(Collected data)
# # # # # # #
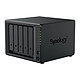 Opiniones sobre Synology DiskStation DS1525neo+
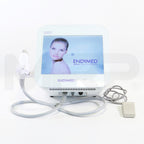 2021 EndyMed Pure 3Deep Skin Science Skin Treatment System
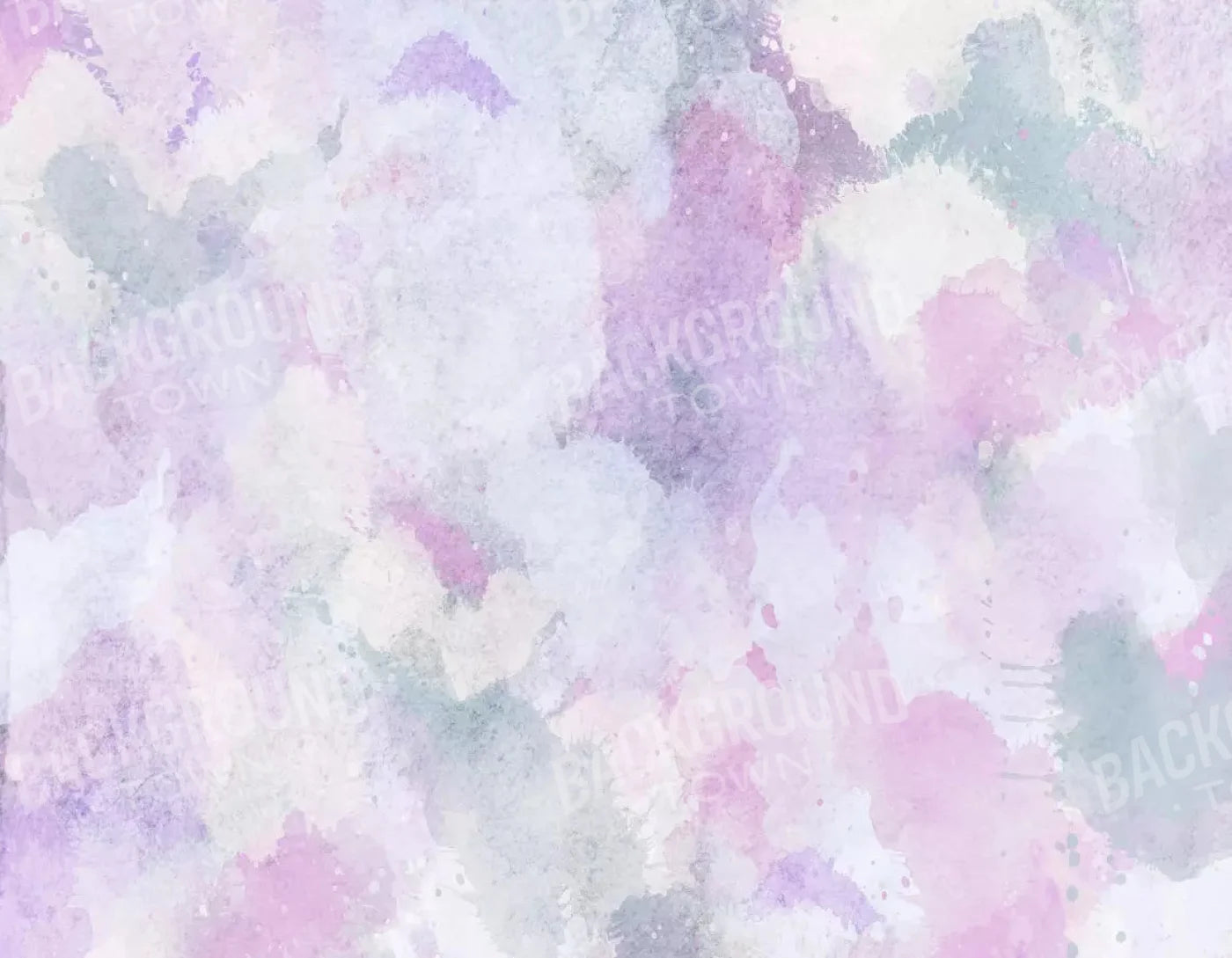 Berry Essence 8X6 Fleece ( 96 X 72 Inch ) Backdrop
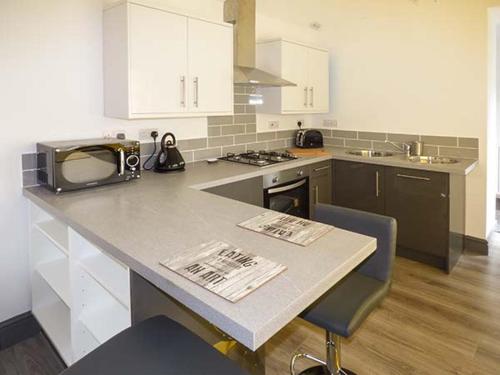 White Cottage Annexe - image 2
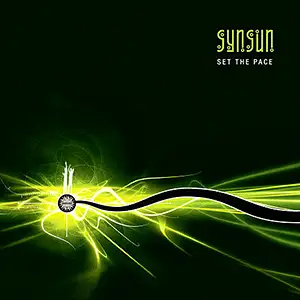 Synsun Set The Pace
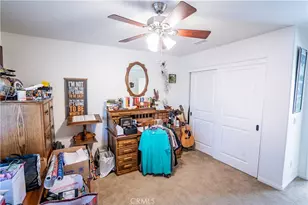 26775 Chamomile, Murrieta, CA 92562 - Photo 39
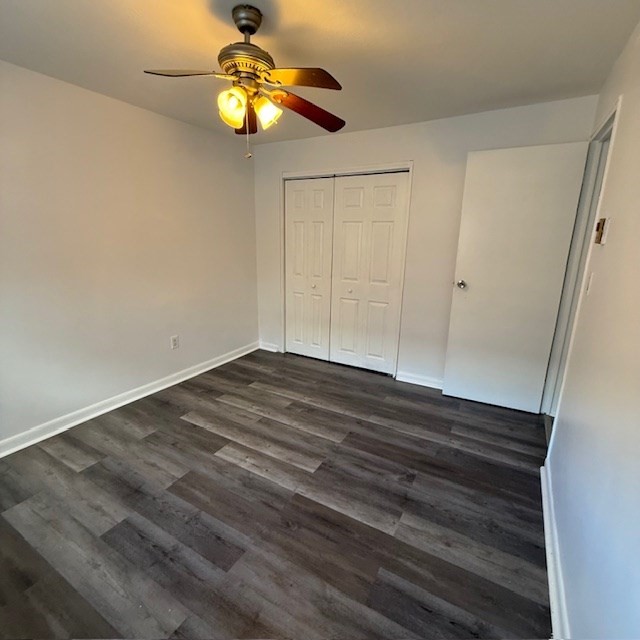 29 Gordon St Unit 107, Framingham, MA 01702 - Image 8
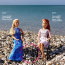 Одежда, обувь и сумочка для Барби, из серии 'Дом мечты', Barbie [CLR30] - Одежда, обувь и сумочка для Барби, из серии 'Дом мечты', Barbie [CLR30]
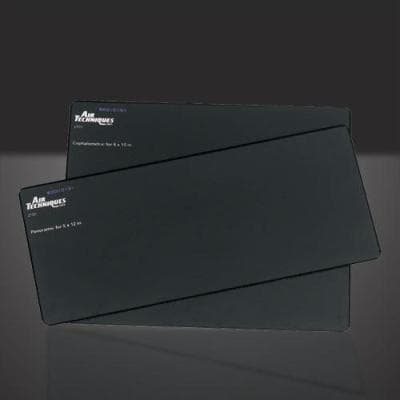 ScanX Extraoral Phosphor Storage Plate (PSP), Cephalometric, 8" x 10", 1/Pkg, 73578-8 thumbnail 2
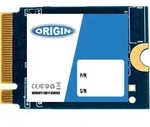 Origin Storage Inception TLC830 Pro Series - SSD - 1 TB - intern - M.2 - PCIe...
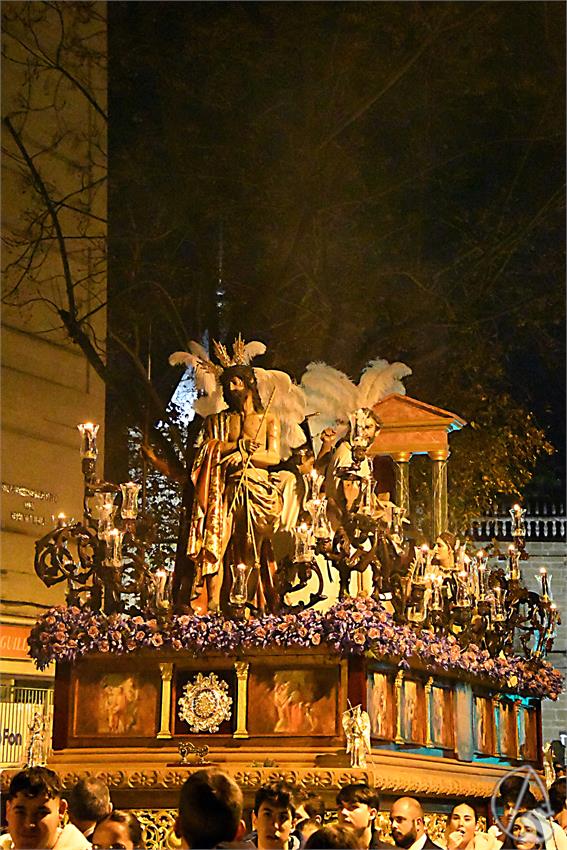 NPJ_Piedad_y_Salud_y_Esperanza_Luis_M_Fernandez_240224__8_.JPG
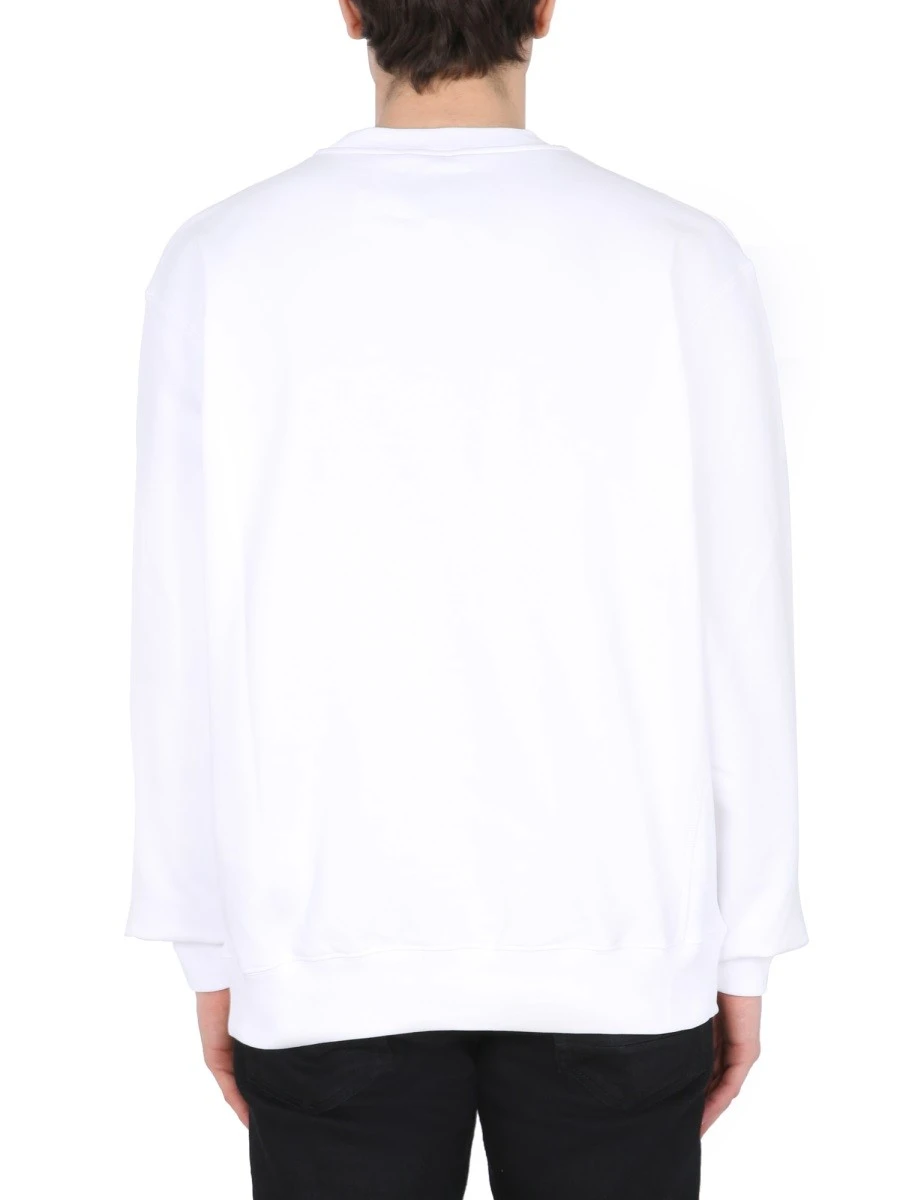 CREW NECK SWEATSHIRT.webp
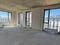 5-бөлмелі пәтер · 205 м² · 9/9 қабат, Мангилик Ел 36/1, бағасы: 170 млн ₸ в Астане, Есильский р-н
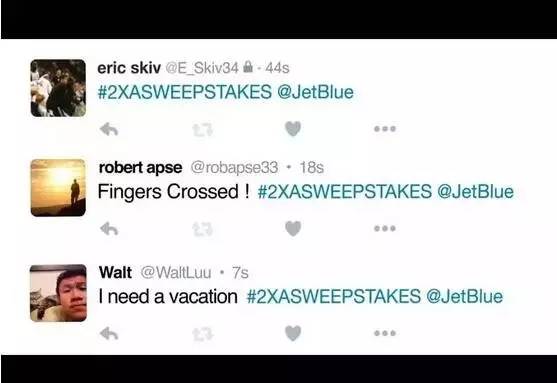 创意广告最新视频大全,最新户外创意广告图片大全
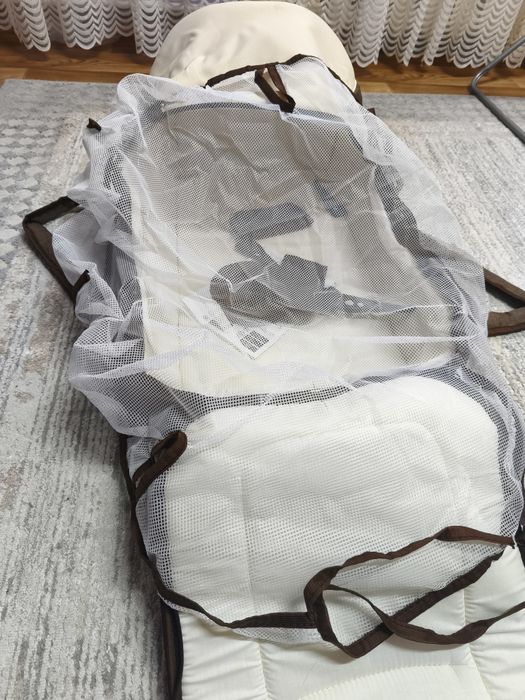 Продам коляску!!!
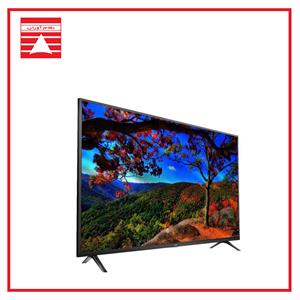 تلویزیون TCL 49D3000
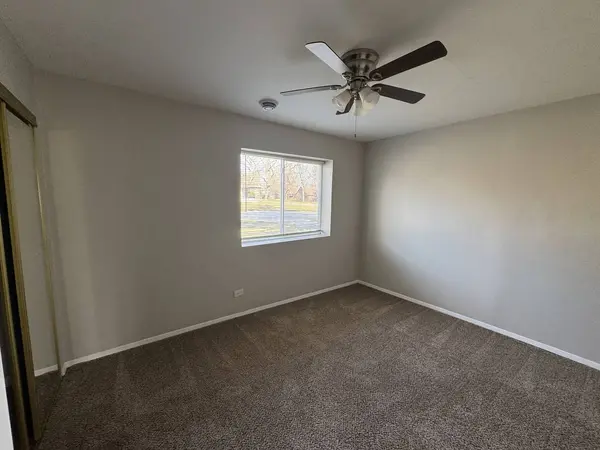 307 S Orchard Drive, Park Forest, IL 60466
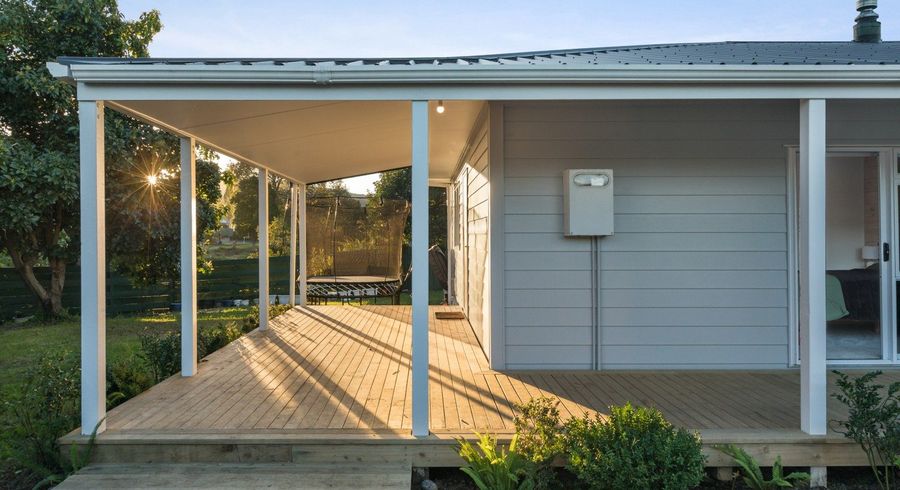  at 17 Gray Street, Katikati, Western Bay Of Plenty, Bay Of Plenty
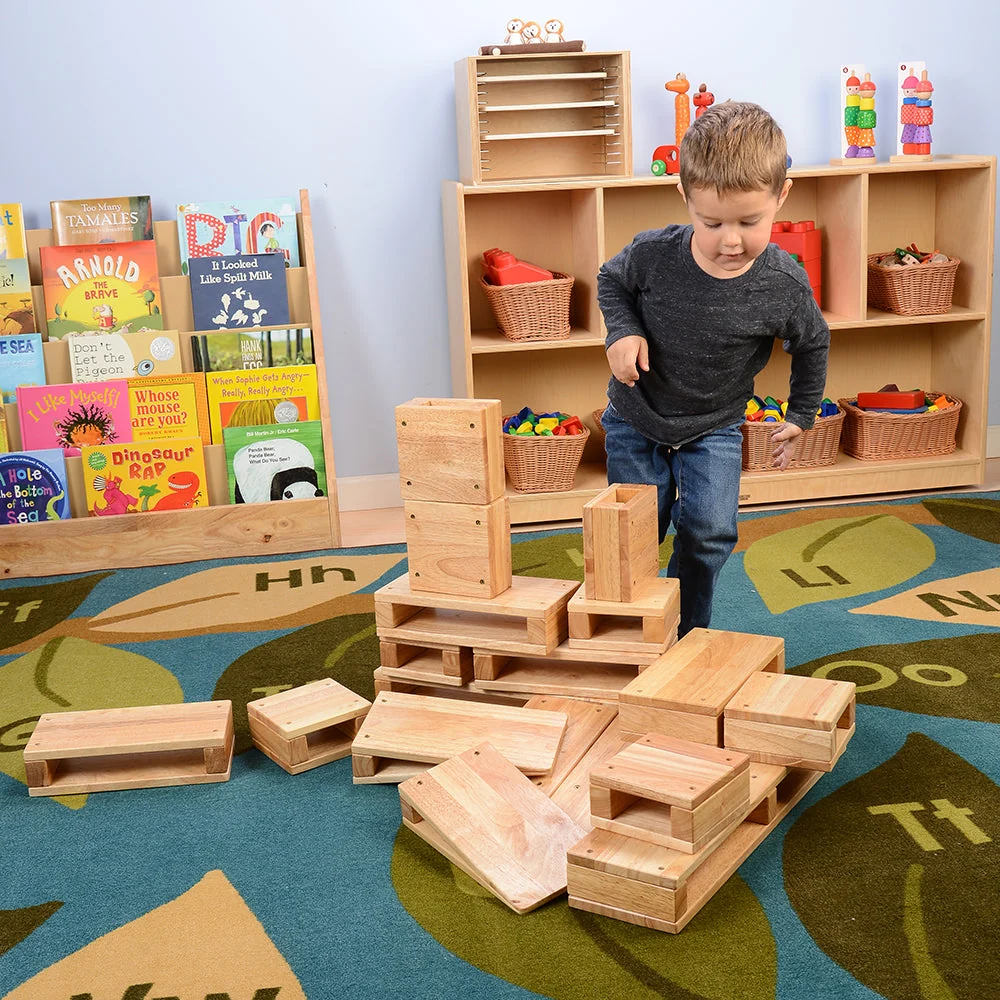 Hollow Blocks - Image 6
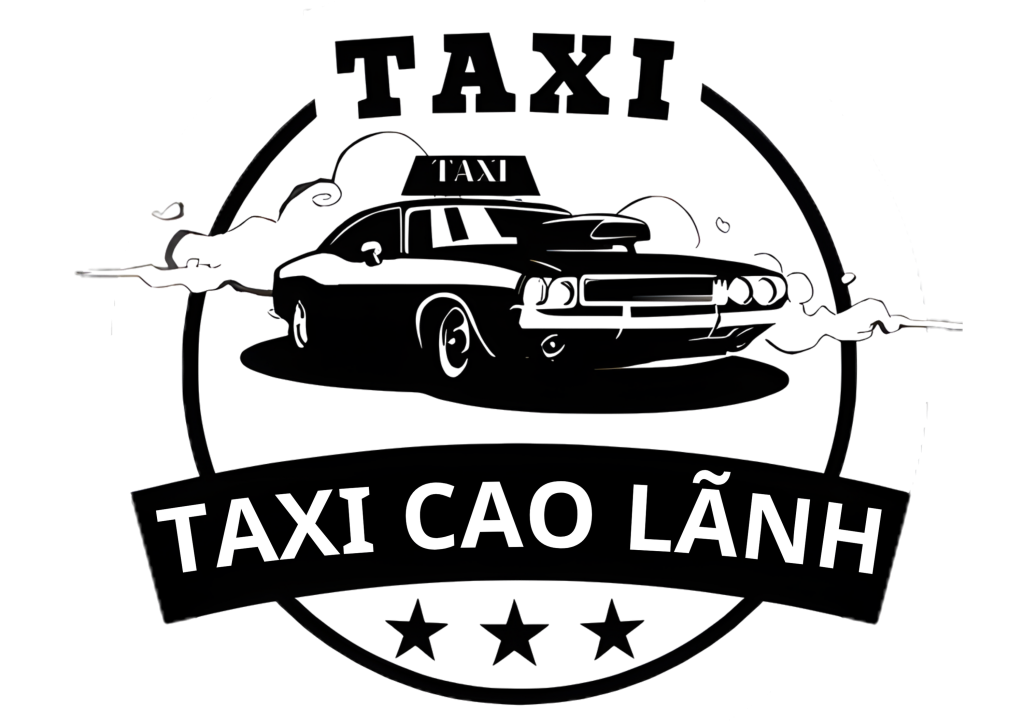 TỔNG ĐÀI TAXI CAO LÃNH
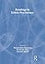 Readings in Ethnic Psychology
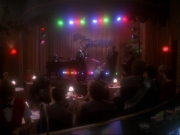 Filename=extant_StarTrek_DS9_6x20-HisWay_0112.jpg
Filesize=141KiB
Dimensions=1200x900
Date added=Jan 13, 2020 extant_StarTrek_DS9_6x20-HisWay_0112.jpg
# # # # # # #
— WORK INSTRUCTION —
Output should consist of the lines above from the one with "26775 Chamomile, Murrieta, CA" down to the one with "NPJ_Piedad_y_Salud_y_Esperanza_Luis_M_Fernandez_240224__8_.JPG", exact and without pictures.

— RESULT BELOW —
 26775 Chamomile, Murrieta, CA 92562 - Photo 39
 29 Gordon St Unit 107, Framingham, MA 01702 - Image 8
 Одежда, обувь и сумочка для Барби, из серии 'Дом мечты', Barbie [CLR30] - Одежда, обувь и сумочка для Барби, из серии 'Дом мечты', Barbie [CLR30]
 ScanX Extraoral Phosphor Storage Plate (PSP), Cephalometric, 8" x 10", 1/Pkg, 73578-8 thumbnail 2
 Origin Storage Inception TLC830 Pro Series - SSD - 1 TB - intern - M.2 - PCIe...
 NPJ_Piedad_y_Salud_y_Esperanza_Luis_M_Fernandez_240224__8_.JPG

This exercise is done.